Create Workflow

For this tutorial, the user will build a simple QC Workflow that records a QC value and calculates a Pass/Fail result as a Report. By this point, you’ve already seen this Workflow in other tutorials, so we’ll focus on how to create the content in the context of the L7|ESP SDK.

For this demo, our Workflow will have two parts:

  1. A Protocol to capture QC metadata about a Sample.

  2. A Protocol to generate a Report using a Pipeline.

Here’s a schematic detailing the components of that Protocol at a high level:

../_images/qc-workflow-diagram.png

All content developed within the L7|ESP SDK is defined within YAML config files that live in the content directory within the repository. For more information about the structure of the repository, see the Project Structure section of the documentation.

Step 1: Create a Protocol

Now that we know what type of content we’re going to create, let’s make some content files. First, we need to create our first Protocol (QC Quantification):

Using the L7|ESP SDK, we can create this configuration via YAML config file. For more information on the YAML config format or types of content that can be created with the YAML config format, please see the L7|ESP Python client documentation.

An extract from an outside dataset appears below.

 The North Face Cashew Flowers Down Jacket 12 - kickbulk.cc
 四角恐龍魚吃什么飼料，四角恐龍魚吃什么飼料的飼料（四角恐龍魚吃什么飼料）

For this first Protocol, create the following file:

# Contents of: content/protocols/QC-Quantification.yml

QC Quantification:
    protocol: standard
    variables:
      - Type:
          rule: dropdown
          dropdown:
            - 'DNA'
            - 'RNA'
      - Ratio:
          rule: numeric

In this file, we’ve defined an L7|ESP Protocol that has two columns the user will input when filling out Worksheets: Type and Ratio. Type is a column of dropdown type with options DNA and RNA, and Ratio is a numeric column. Other types of Protocol columns include (also listed in the L7|ESP Python client documentation):

  • string - Column with text or string data.

  • numeric - Column with numeric data.

  • dropdown - Column with a dropdown selector. The options for the dropdown are specified as a list in the dropdown property.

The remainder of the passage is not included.